Si ahora los claustros podrán pronunciarse políticamente ¿qué impedirá que lo hagan a favor de la independencia de Cataluña en algunos casos? Pero, abierta la veda ¿por qué en alguna universidad no podrá haber declaraciones de apoyo a éste o aquél partido político, en favor de subidas o bajadas de impuestos, sobre la tipificación de cualquier delito o para criticar al gobierno central o autonómico? Una vez iniciado este camino ¿qué impedirá que los claustros sean sucedáneos de parlamentos pese a su configuración estamental y su nula legitimidad democrática?

Creo que debemos oponernos a una modificación de las competencias de los claustros que los convertirían en campo de batalla partidista alejándolos de su función académica. Esta última, la académica es lo suficientemente importante como para no permitir que se embrolle en una lucha de partidos que haría perder a la universidad su sentido y función.

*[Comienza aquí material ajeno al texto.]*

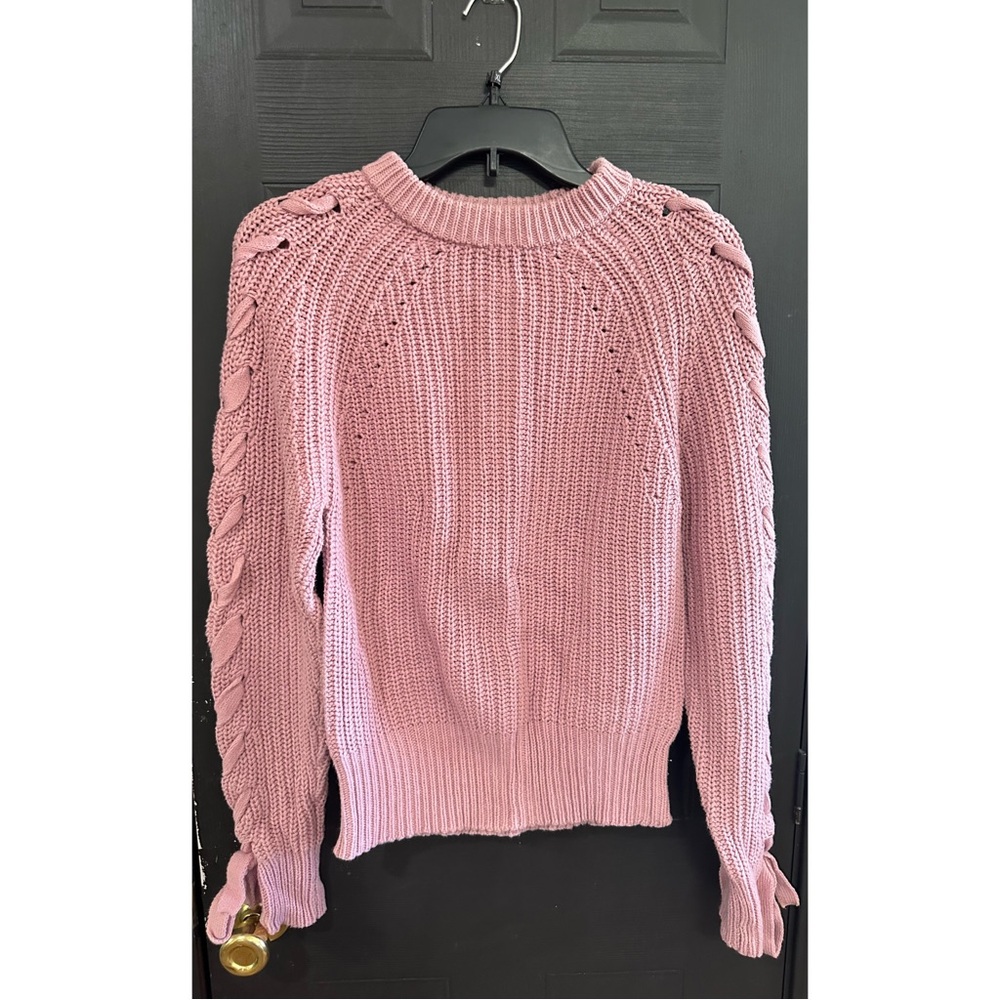 Time & Tru Sweater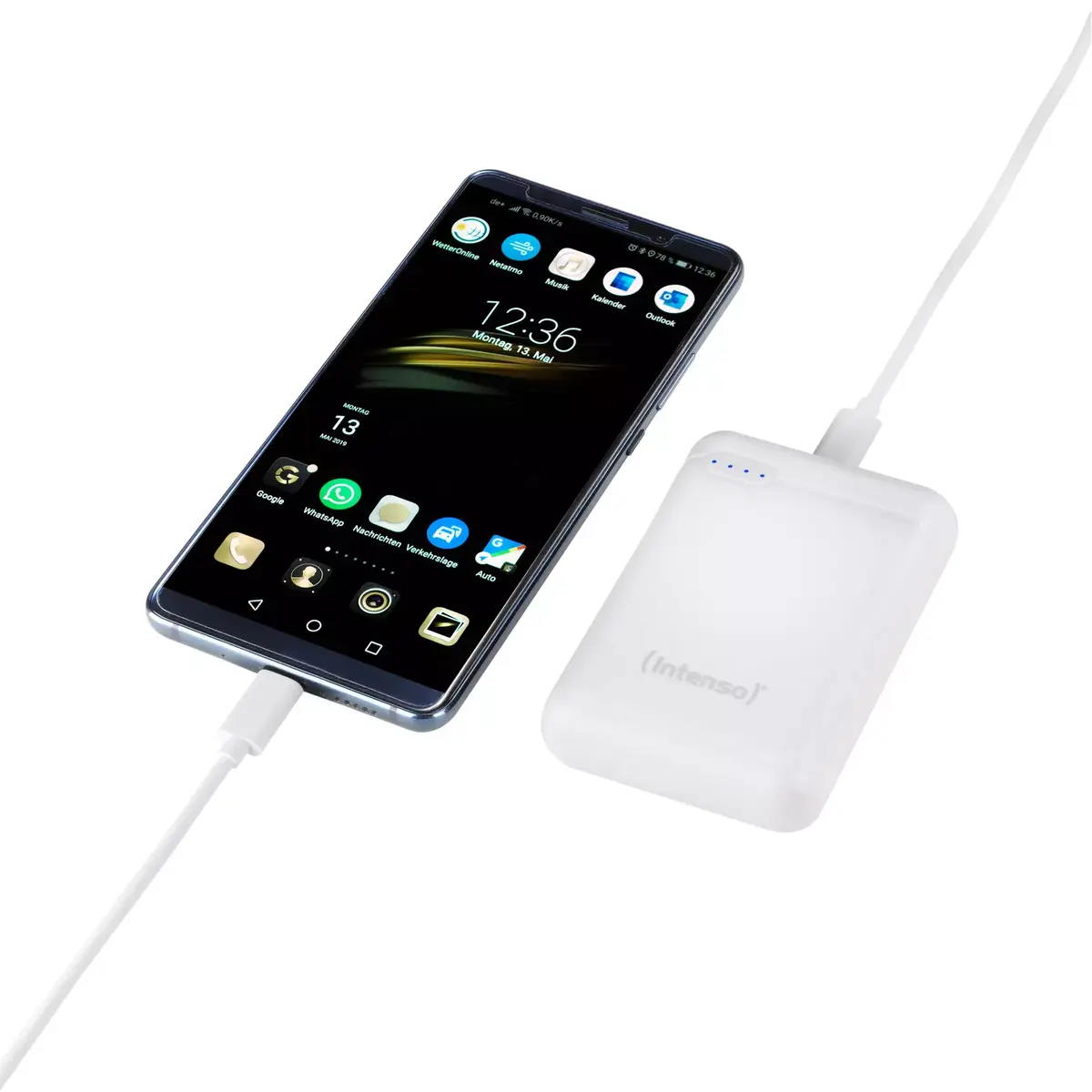 Portable Charger Intenso XS10000 7313532 Photo 6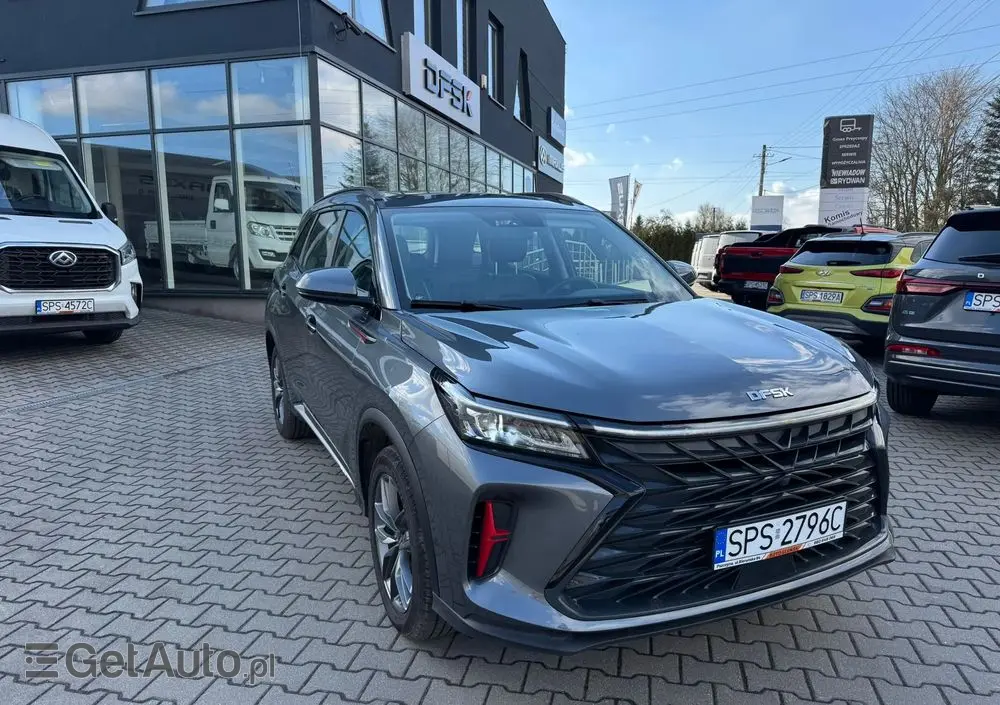 DFSK FX600 1.5 T-GDI Comfort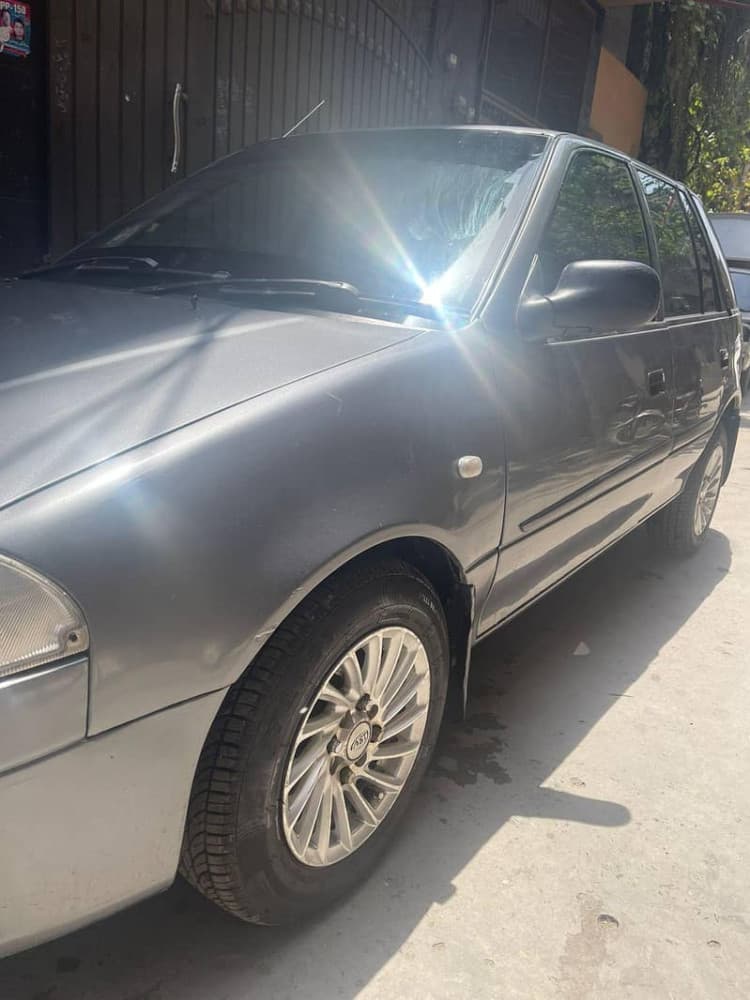 Car main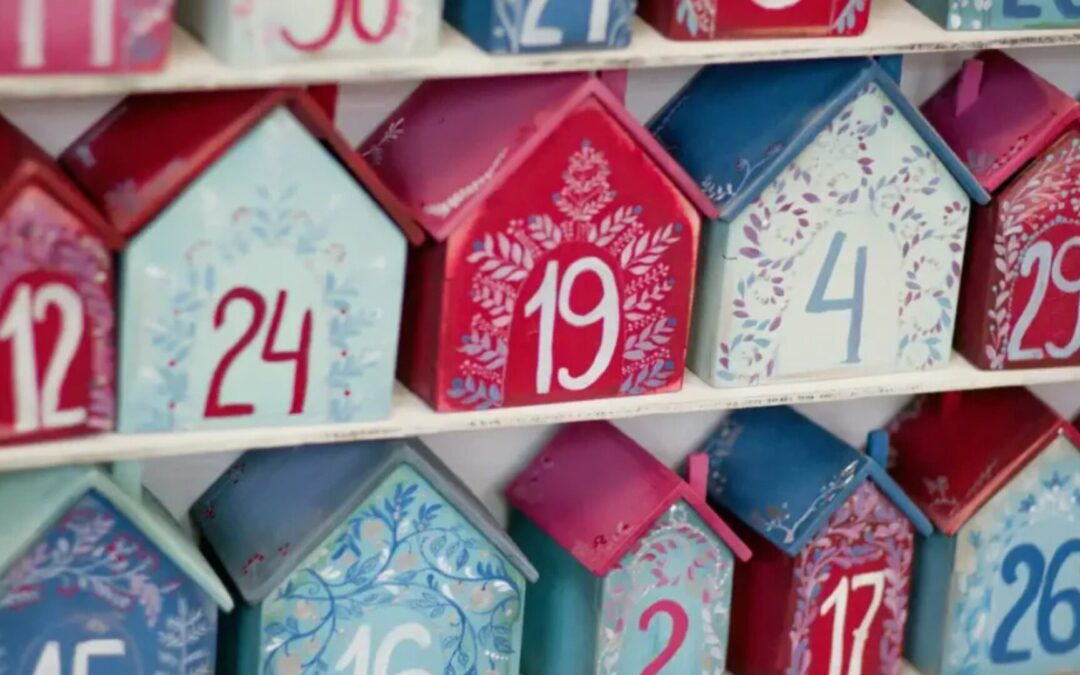 Radentscheid stellt Bürgeranträge als Adventskalender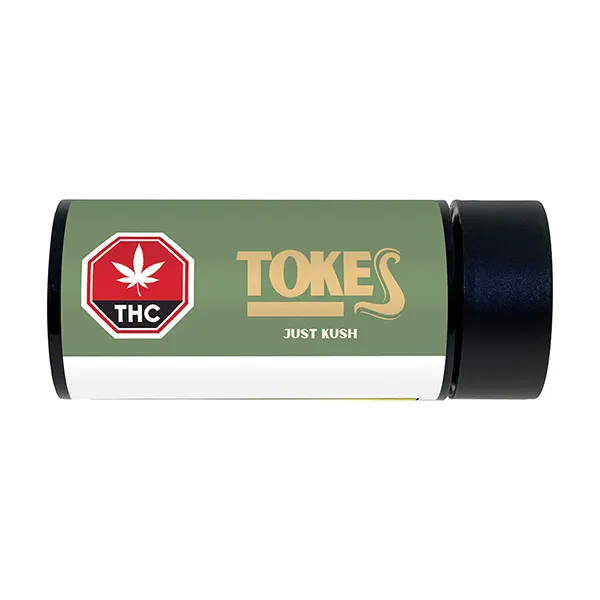 Image for Just Kush Pre-Roll, cannabis all products by Tokes
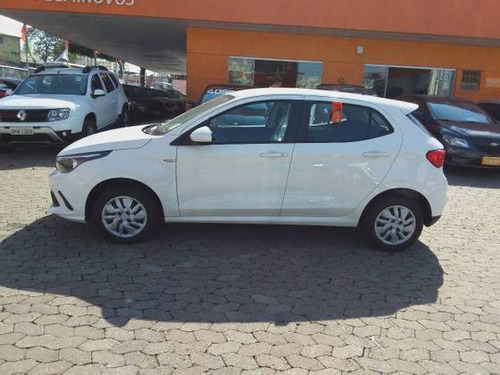 Fiat Argo 1.0 Firefly Flex Drive Manual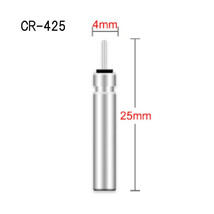 釣具用電池【CR-425】リチウムイオン電池（5個）＜送料無料＞　(#18h)_画像2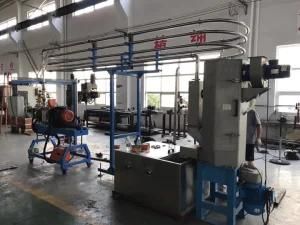 High Output Underwater Pelletizing Extrusion Machine for TPE/TPR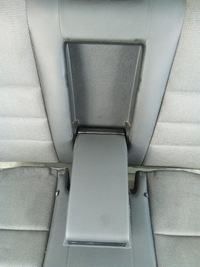 фото thumb №9, K988 заднє сидіння mercedes w204 напівшкіра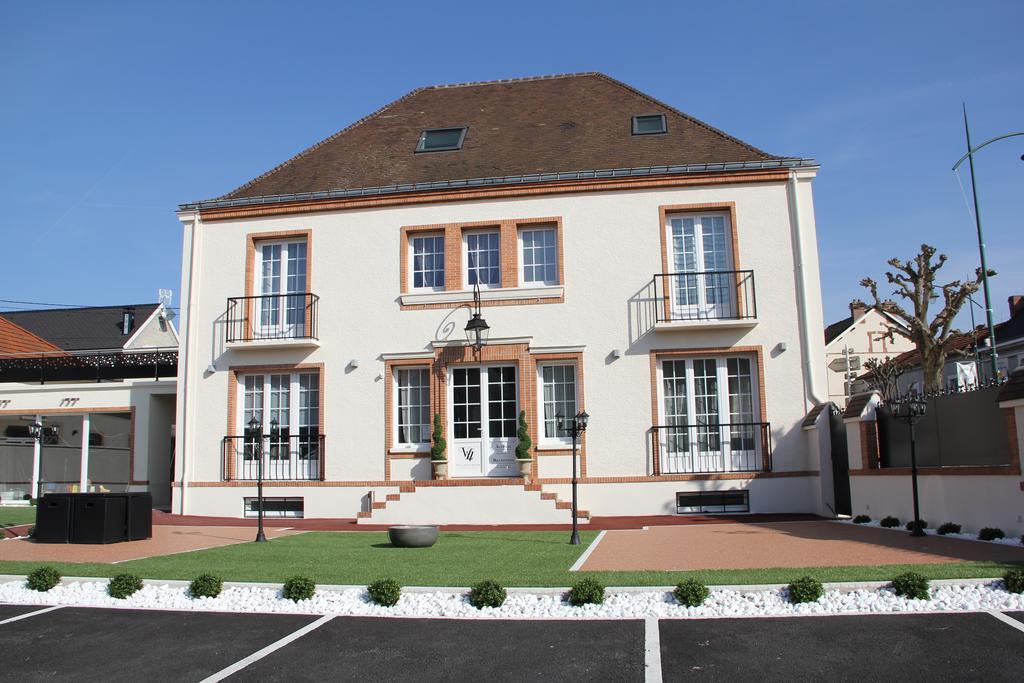 Villa Louis Victor Dizy Eksteriør billede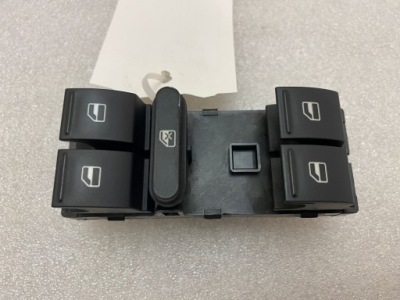 Seat altea xl 2008 кнопки окон фото №1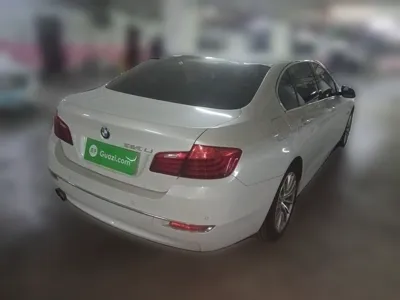 BMW 5 Series 2014, 95100 км, за 88143.34 CNY - фото 6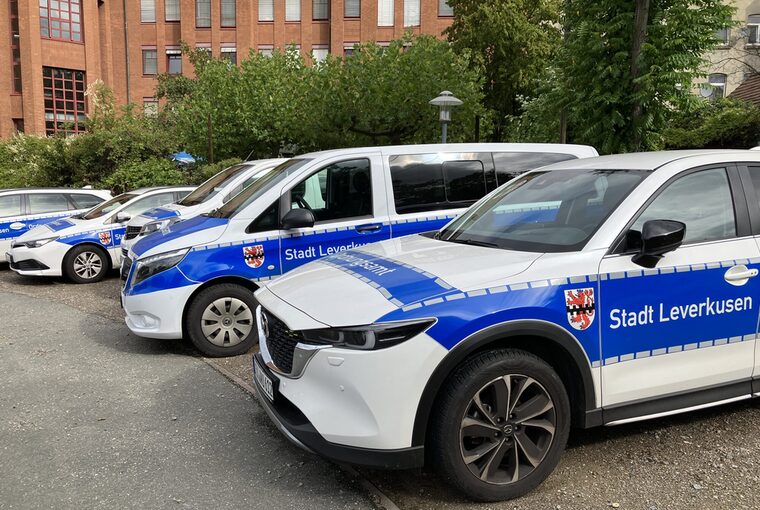 Symbolbild Kommunaler Ordnungsdienst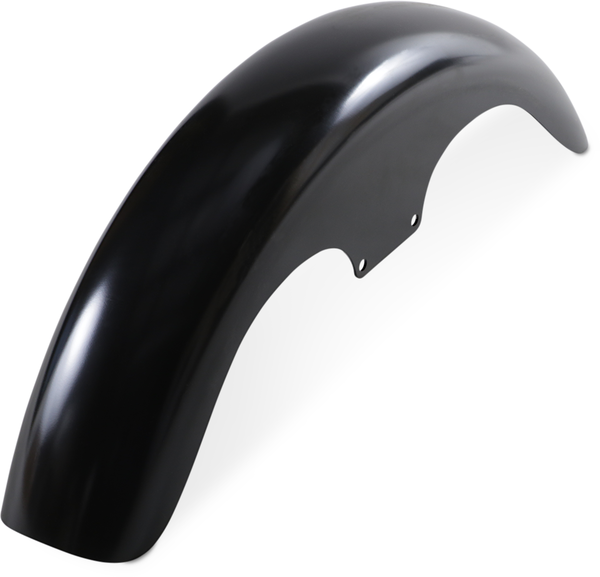 Hugger Series Front Fender Black, 2, nordicamoto.ro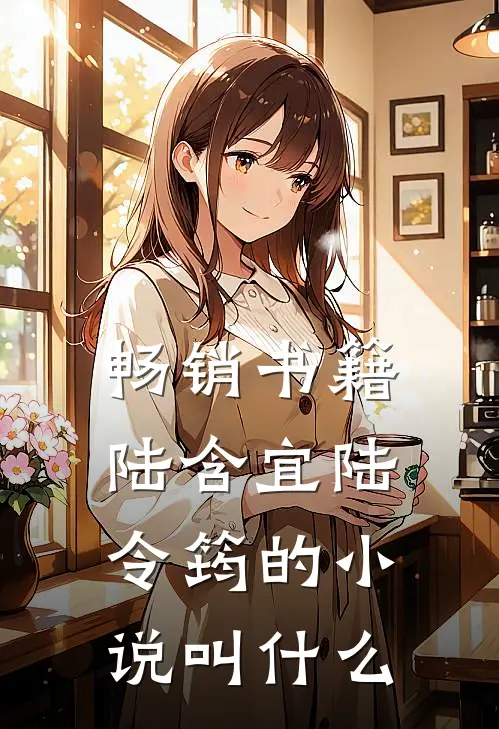 畅销书籍陆含宜陆令筠的小说叫什么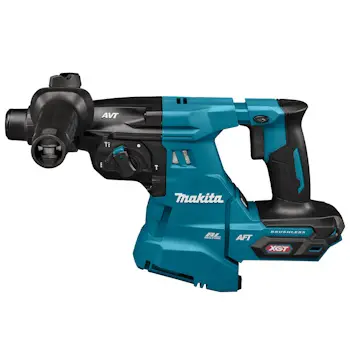 Makita akumulatorska bušilica-čekić 40V max XGT HR011GZ SDS-Plus bezčetkasti motor-3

La universidad ha de ser terreno privilegiado para la libertad de expresión y el debate; pero precisamente por eso sus órganos de gobierno (claustro incluido) han de mantenerse al margen para fijar un campo de juego basado en el rigor y la igualdad de todos. De otra forma los centros universitarios dejarán de ser los laboratorios de pensamiento privilegiados que precisa toda sociedad.

Es claro que esta instrumentalización de los claustros tiene su origen en el intento totalitario de control de la sociedad que practican los nacionalistas catalanes. Desde 2018 asistimos con preocupación -al menos en mi caso- a la extensión al conjunto de España de esas prácticas totalitarias y liberticidas. Pongámosles fin antes de que sea tarde.